Cerys explores missed opportunities for radical, two-way discussions L&D are avoiding in their quest for simple, KPI-friendly projects.

It is both a cliché and a truism that change is hard and that it never ends. And whilst trying to make employees feel safe, organisations are also lulling them into a false reality by avoiding tough conversations about what it takes to survive in a fully-transformed future company. Today, I want to focus on two conversations L&D are not having with employees, and why this failure to embrace Radical Candor is creating a wicked problem that is becoming increasingly hard to solve, leaving employees overwhelmed and under-engaged.

But first, a quick detour into the org-wide application of Radical Candor.
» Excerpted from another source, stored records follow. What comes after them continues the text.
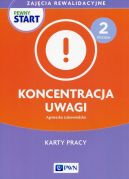 Okadka - Pewny Start. Zajcia rewalidacyjne. Poziom 2. Koncentracja uwagi. Karty pracy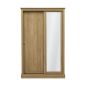 Devon 2 Door Sliding Mirror Wardrobe - Oak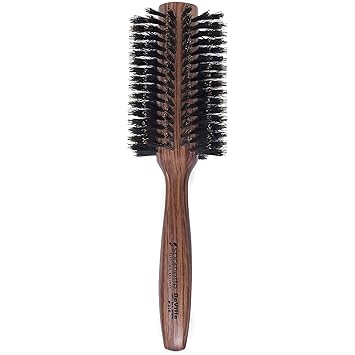 Spornette Deville Boar Bristle Round Brush for Women - Large Round Hair Brush for Blow Drying, Curling & Styling - Adds Shine, Volume & Lift to All Hair Types (2.5 Inch)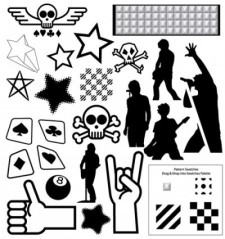 free vector Vector Resources Part 4 - Punk Collection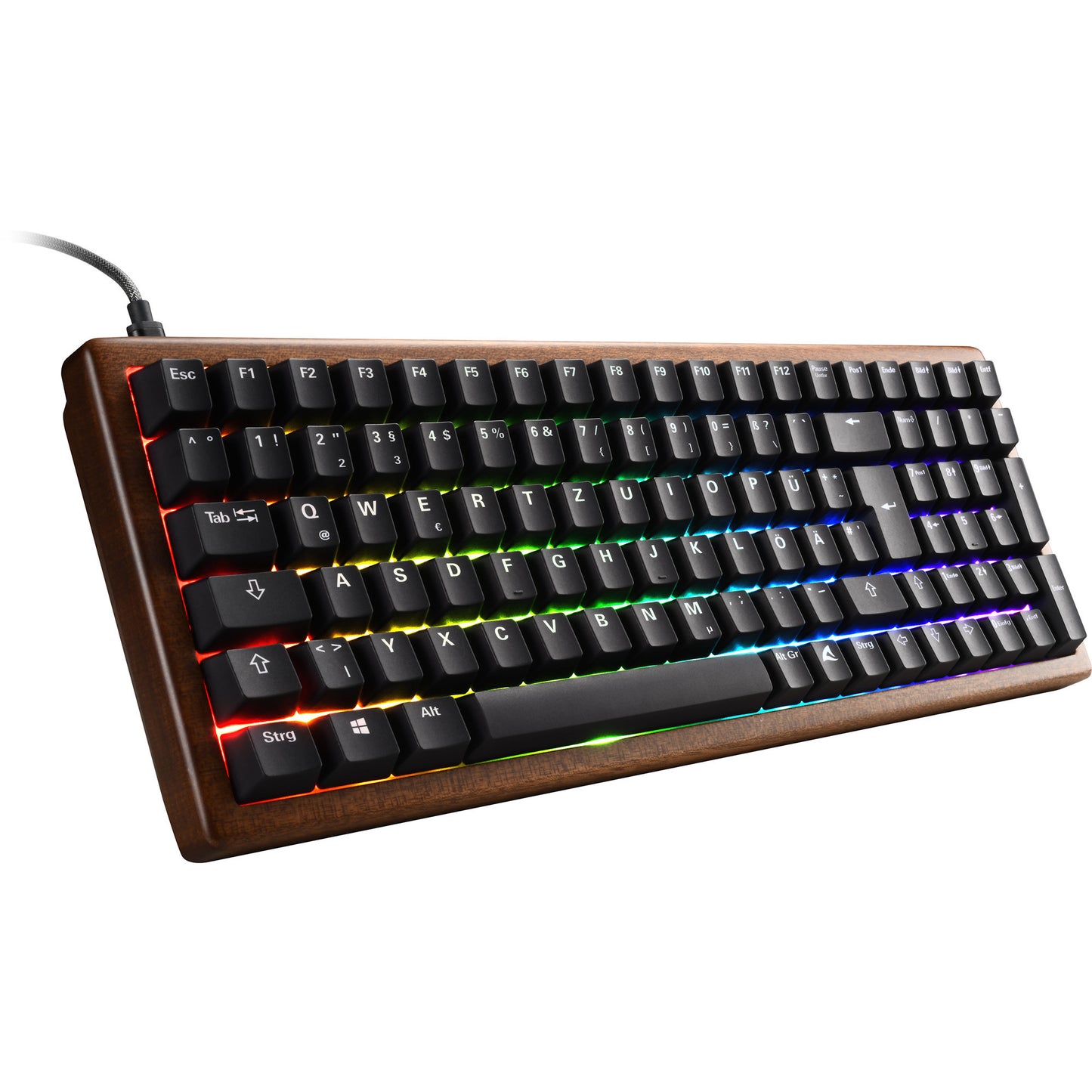 SKILLER SGK50 S2 Wood PBT, Gaming-Tastatur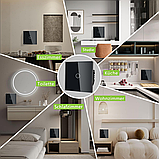 TAWOIA TW-102L-WT: Сенсорний скляний вимикач 1000 Вт (чорний), фото 7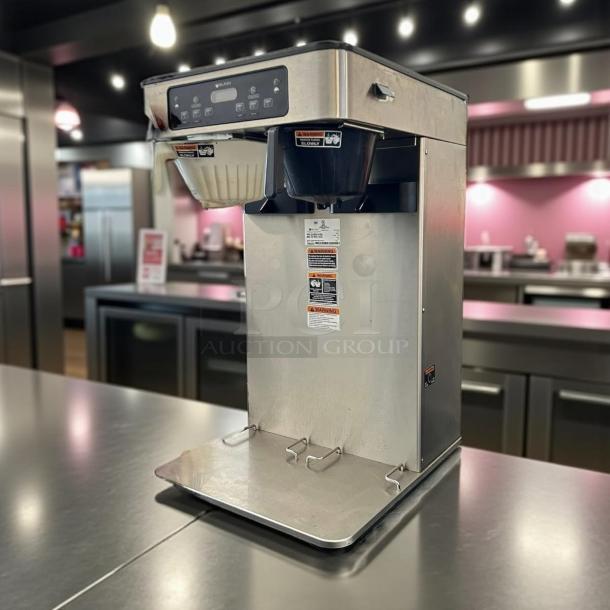 Bunn ITCB Twin HV Infusion Series brewer in great condition, 120/240V, fully tested and working, with visible warning labels.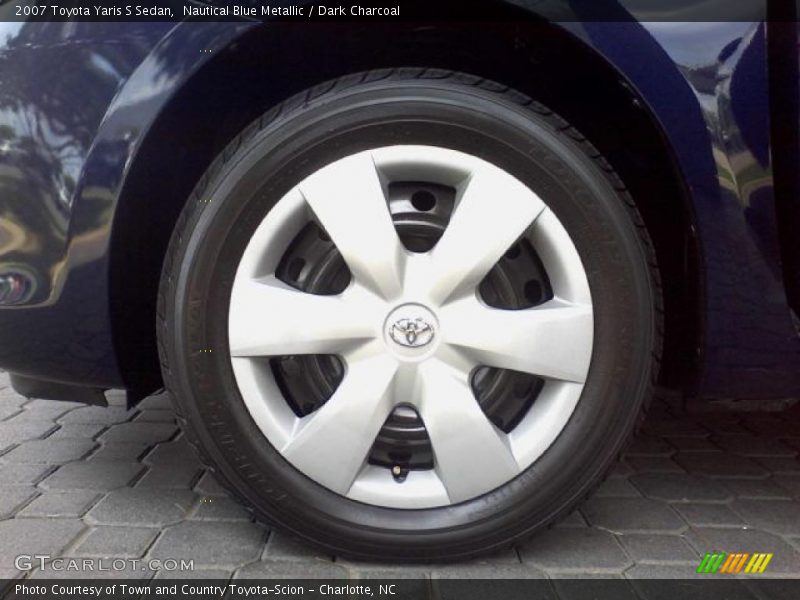 Nautical Blue Metallic / Dark Charcoal 2007 Toyota Yaris S Sedan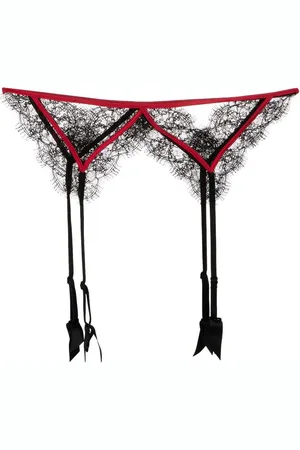 Kiki de Montparnasse Strumpfhalter mit Spitze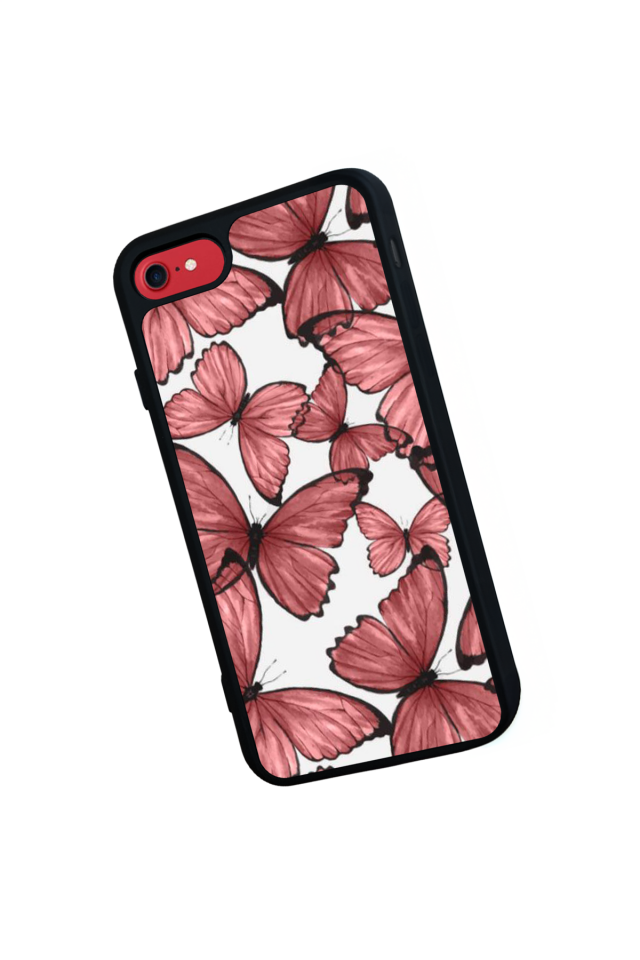 iPhone 8 Uyumlu Kelebek Tasarımlı Glossy Premium Kılıf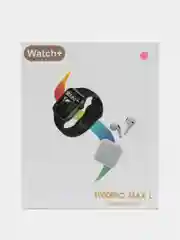 Розовый умные часы Smart Watch T900PRO MAX L, наушники в комплекте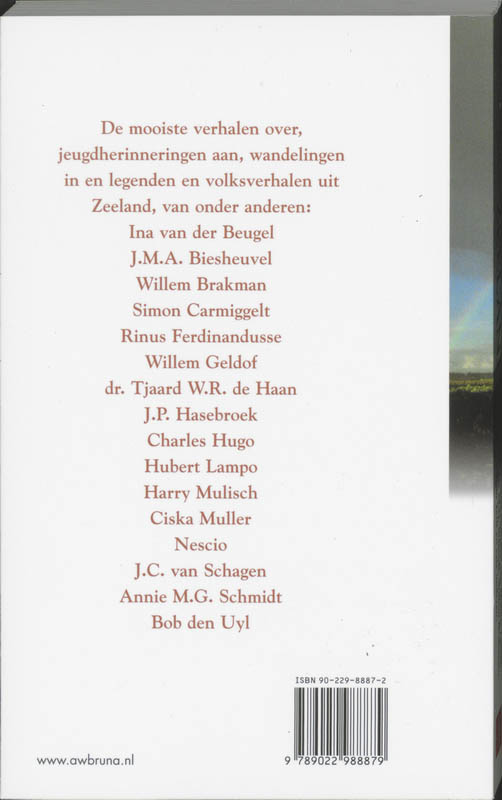 Achterkant van Als een god in Zeeland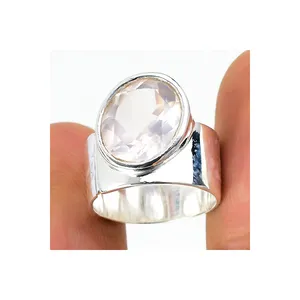 Anelli in argento 925 Sterling professionalmente Design fatto a mano in argento massiccio anello di gioielleria raffinata per le donne in vendita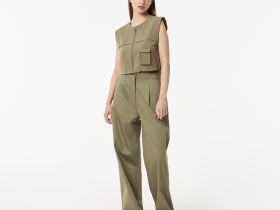 Женская короткая рубашка Lacoste без рукавов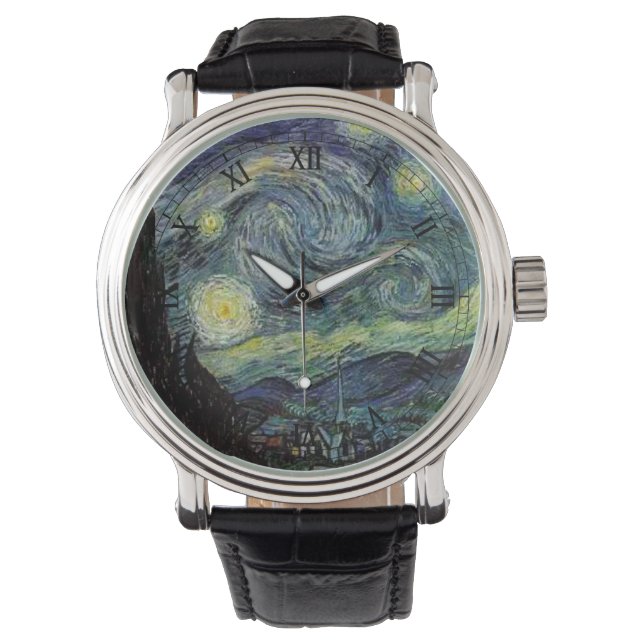 Sterrennacht van Vincent van Gogh. Horloge (Voorkant)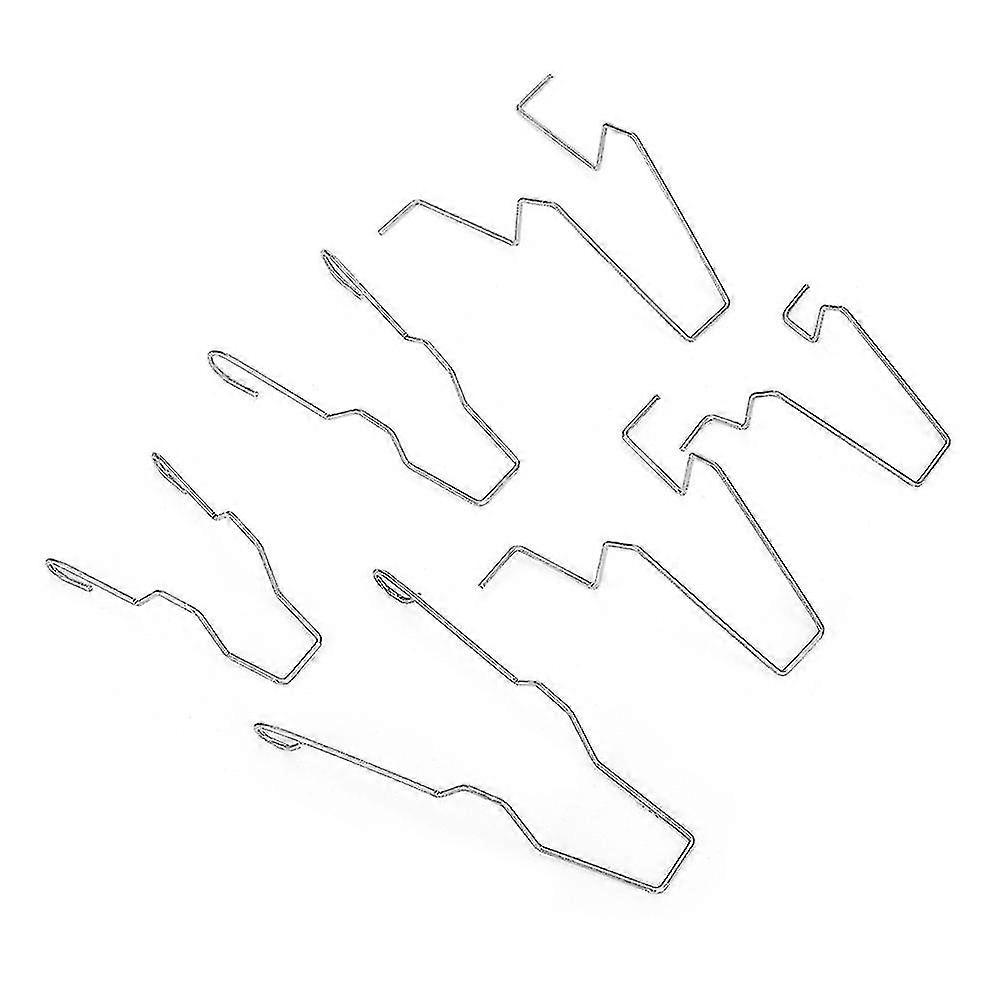 6 חבילת פנס ראש פלדה פנס ראש נורה נמוכה הר מהדק קפיץ עבור H1 / h3 / h4 / h7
As a management tool, Radical Candor is applied on a personal relationship level, focusing on feedback. ‘Caring Personally, whilst Challenging Deeply’. It has for many become the hallmark of a good manager. But it can be a problematic framework, when viewed through the lens of hierarchy and power dynamics. There is little mention of the two-way nature of that feedback and that Radical Candor is essentially additive to the existing leadership model, not challenging its very nature. On a side note, the Dependable Candor described here by Richard Claydon is an interesting alternative to dig in to.

When elevated to the organisational level, Radical Candor takes on a new energy, where we engage all employees in a two-way dialogue about the challenges the business is facing in the tech, services, products, skills and capability layers, and where we can be honest about our responsibilities, not chip away at the commitment, time or resources needed from leaders and managers to make transformation work.

These conversations need to be facilitated from all areas of the organisation, through networks and communities, at all levels. A good place to start are the internal volunteer networks of change agents that are responsible for grassroots change, as they are already actively engaging their teams in the day-to-day challenges of digital and thus often have first-hand experience of the true impact of the cult of bare minimum learning.

Here are two conversation prompts that I think L&D could embrace to test the waters of organisational Radical Candor:

1. Let’s talk about why building digital skills isn’t enough to ensure employability

This is a conversation that I would love to see L&D initiate with employees. Learning individual digital skills is something that almost every employee is engaged with among some of the clients we have the privilege of working with – whether it is creating adoption of digital products, agility, designing digital services, data-driven decision-making or design thinking. These individual skills are needed to function and deliver in the new reality.

And whilst L&D continue to focus on KPI-friendly digital skills training and managers seek to minimise the time allocated to learning in favour of delivery, a new breed of digitally-savvy workers are looking around their teams and wondering how this can be enough to architect a new future org – and of course, it isn’t. Whilst individual skills will get you a good role, it will not help you fly. For that, we need to embrace building new capabilities, using our new skills. Capabilities need us to focus on a whole stack of skills, plus mindsets, ideas and emerging technology.

Organisations finding themselves without the workforce they need increasingly turn to partnerships, consultancies and third-parties to fill these capability gaps, making employees feel vulnerable and stuck in their legacy roles. The few with the sponsorship, knowledge or position to be a part of the future are too busy to turn around and help those trying to rise behind them.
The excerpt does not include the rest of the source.